* Records to use

.....

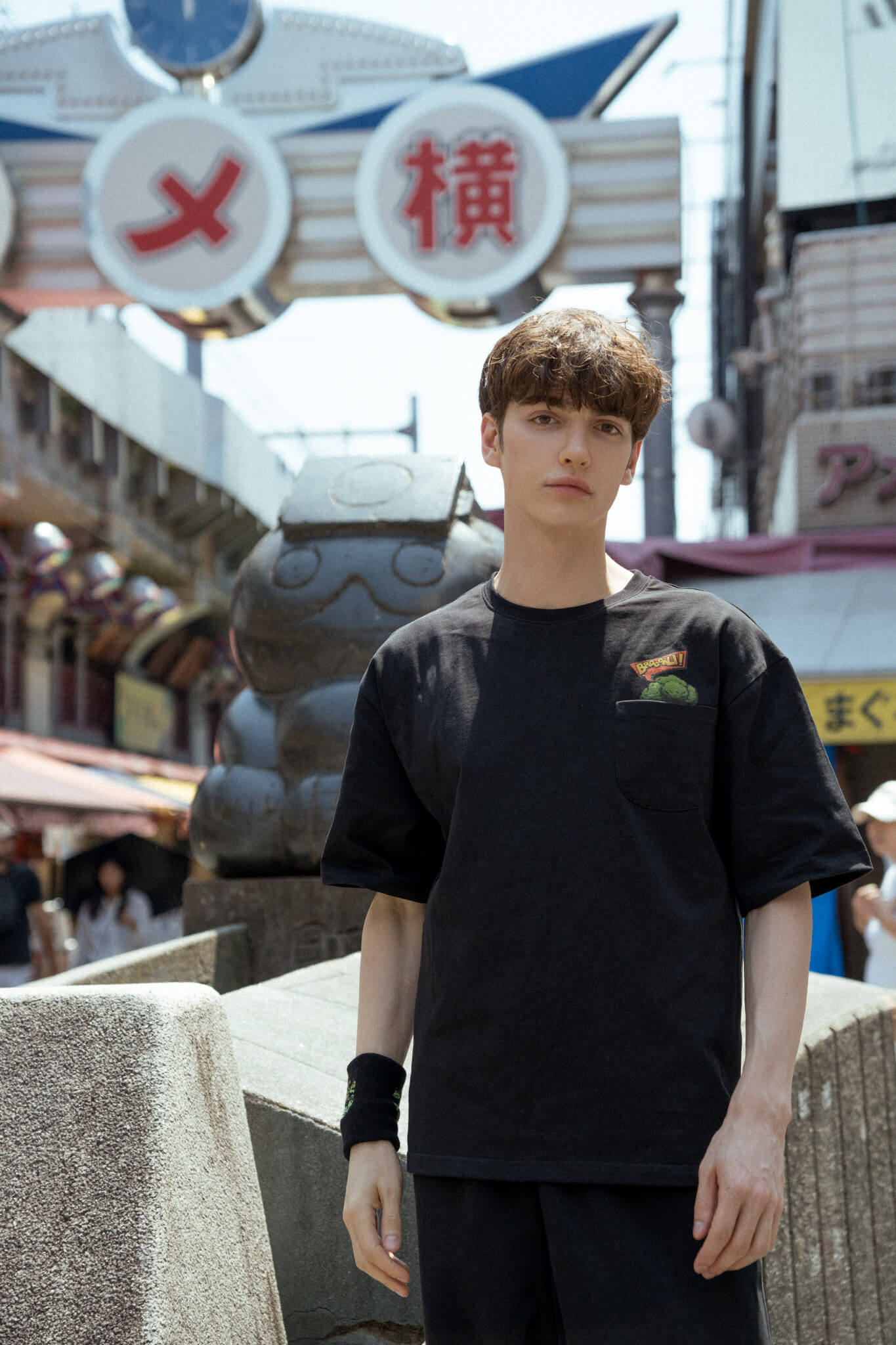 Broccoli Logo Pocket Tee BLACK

.....

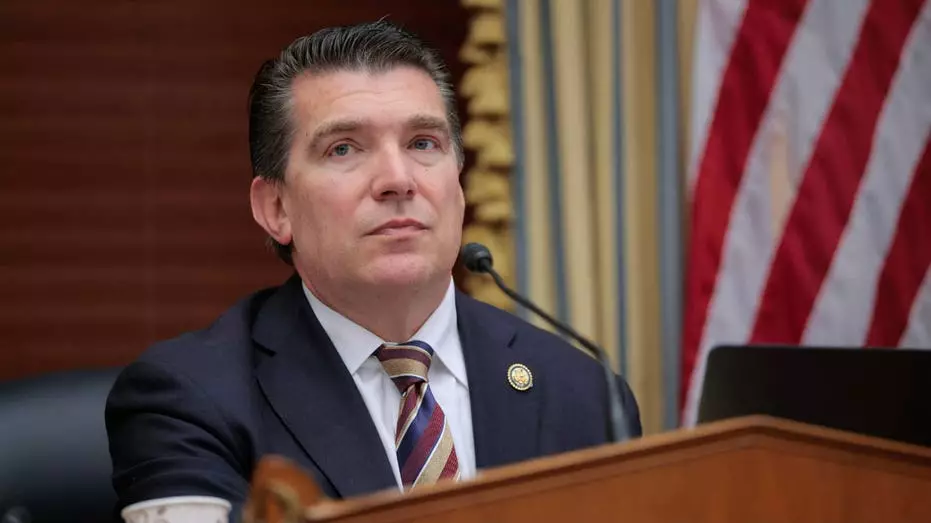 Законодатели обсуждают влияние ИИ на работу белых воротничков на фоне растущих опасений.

.....

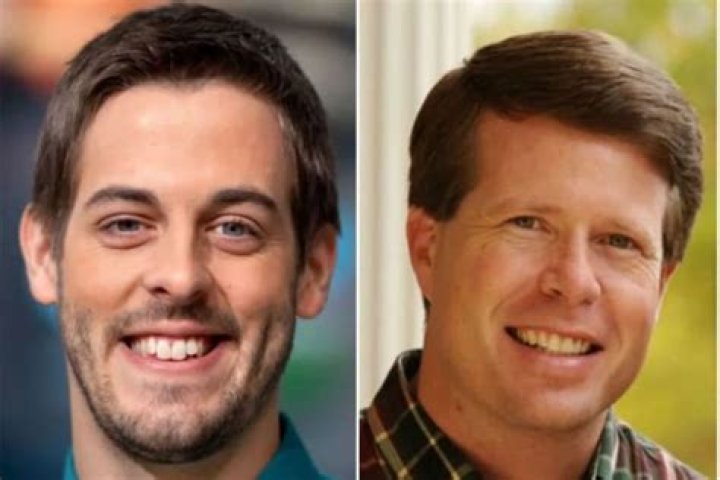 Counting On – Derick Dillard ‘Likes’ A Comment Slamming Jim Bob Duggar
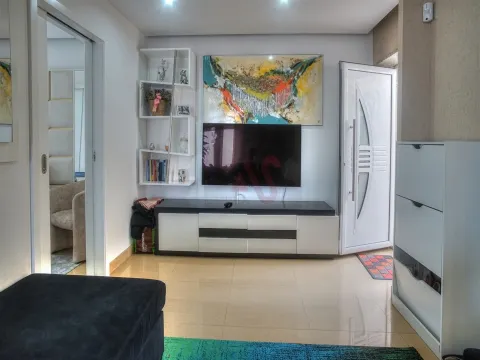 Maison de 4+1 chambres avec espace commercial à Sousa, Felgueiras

.....

* What you will do
Nothing but the lines from the one with "Counting On –" to the one with "Maison de 4+1" above, both included, should be transcribed, exactly and without pictures.

* Response to the task
 Counting On – Derick Dillard ‘Likes’ A Comment Slamming Jim Bob Duggar
 Maison de 4+1 chambres avec espace commercial à Sousa, Felgueiras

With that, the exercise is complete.